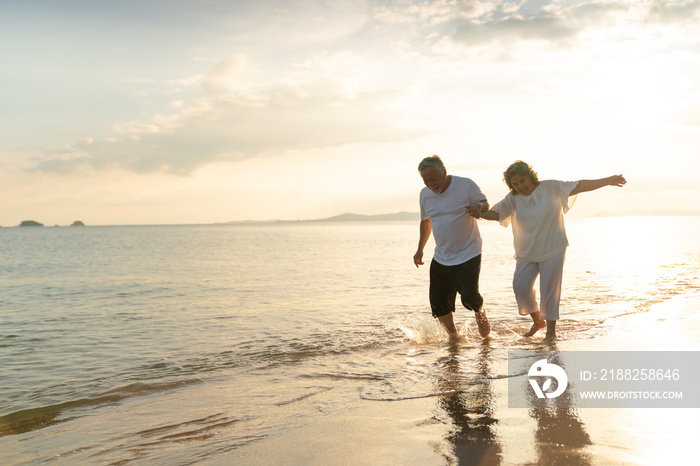 Family On Summer Beach Vacation, healthy older couple running on sea beach, Concept for .caring for the elderly, Caregiving to older persons and relations of the family to support elderly state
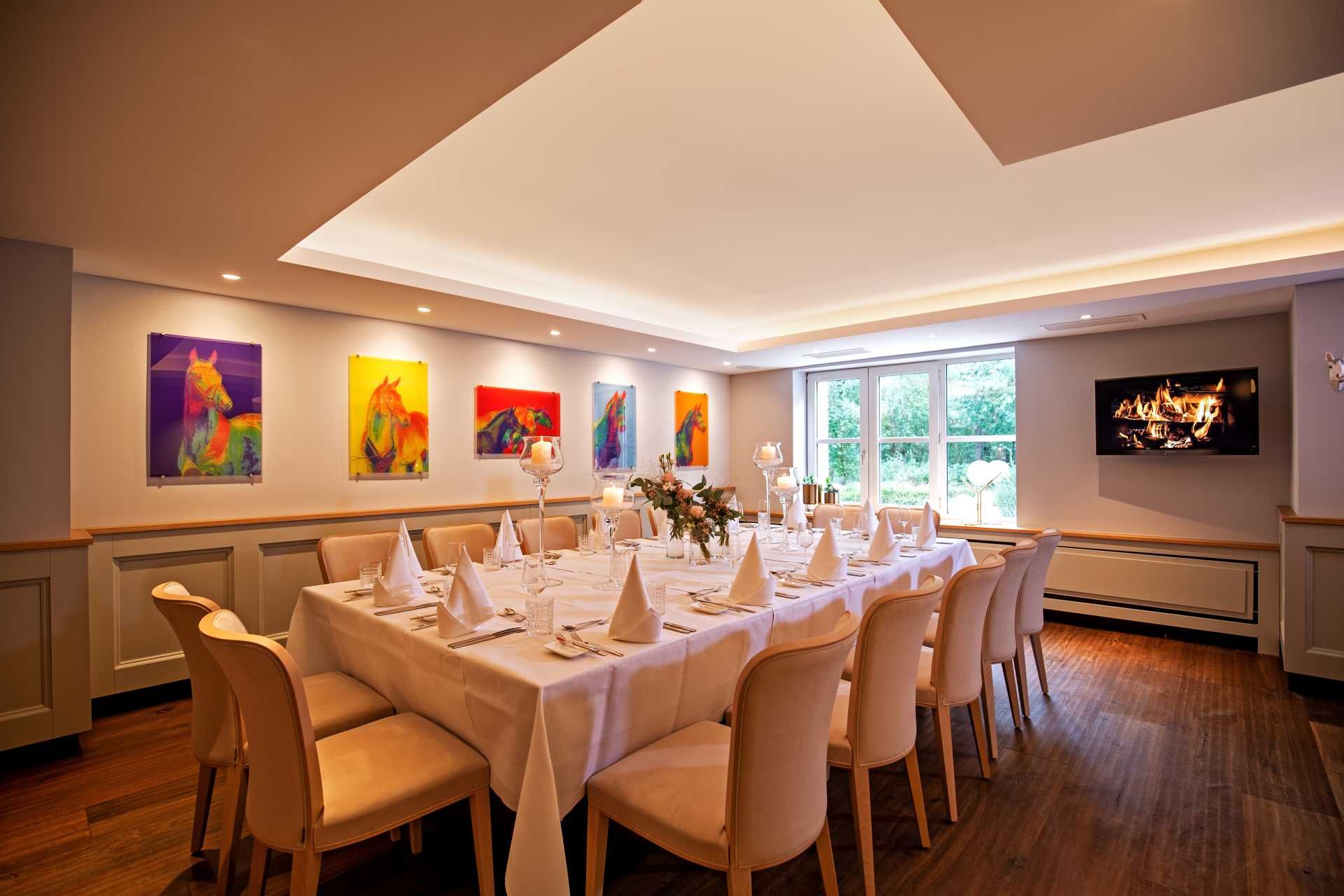 Ein formelles Esszimmer mit einer langen, für ein Bankett gedeckten Tafel, cremefarbenen Stühlen und farbenfrohen Kunstwerken an den Wänden.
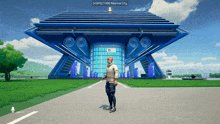 a man standing in front of a large blue building that says spectar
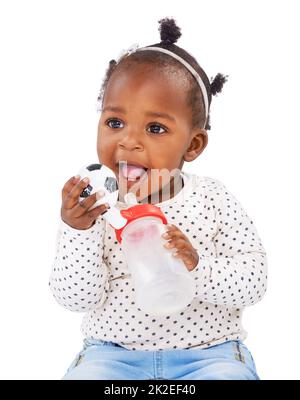 Shes heureux comme peut l'être. Studio photo d'une petite fille tenant une bouteille et un jouet. Banque D'Images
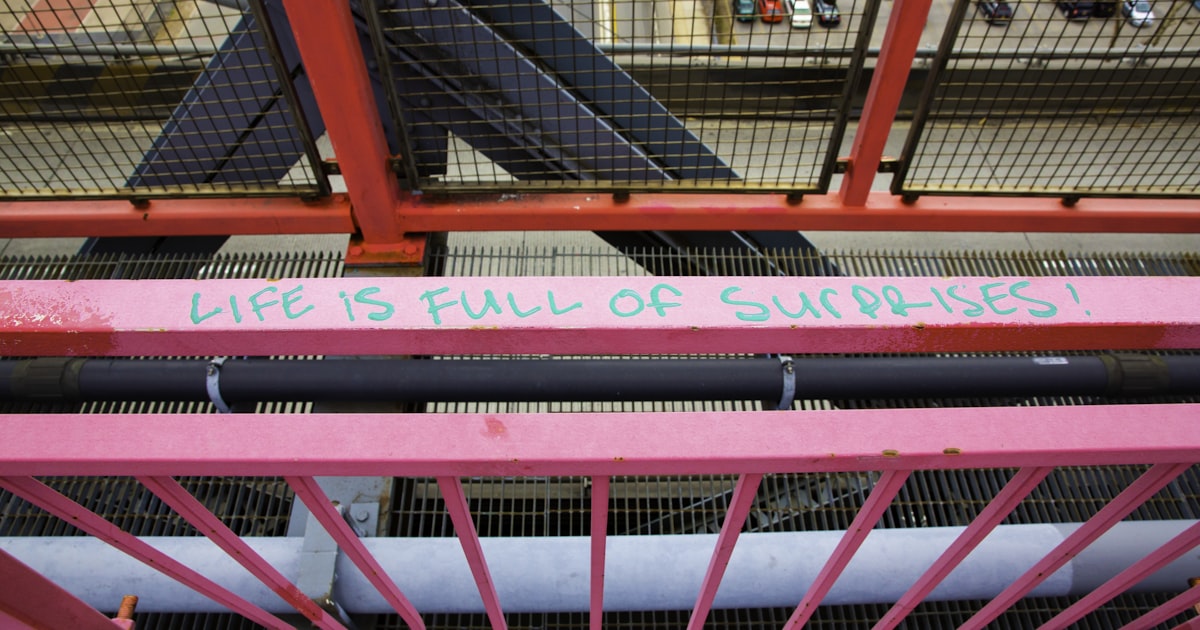 Pink metal structure with 'life is full of surprises' text.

· · ·

[What is required] Copy the listing exactly, omitting pictures.

[Solution for this problem]
 Family On Summer Beach Vacation, healthy older couple running on sea beach, Concept for .caring for the elderly, Caregiving to older persons and relations of the family to support elderly state
 Ein formelles Esszimmer mit einer langen, für ein Bankett gedeckten Tafel, cremefarbenen Stühlen und farbenfrohen Kunstwerken an den Wänden.
 a man standing in front of a large blue building that says spectar
 Shes heureux comme peut l'être. Studio photo d'une petite fille tenant une bouteille et un jouet. Banque D'Images
 Pink metal structure with 'life is full of surprises' text.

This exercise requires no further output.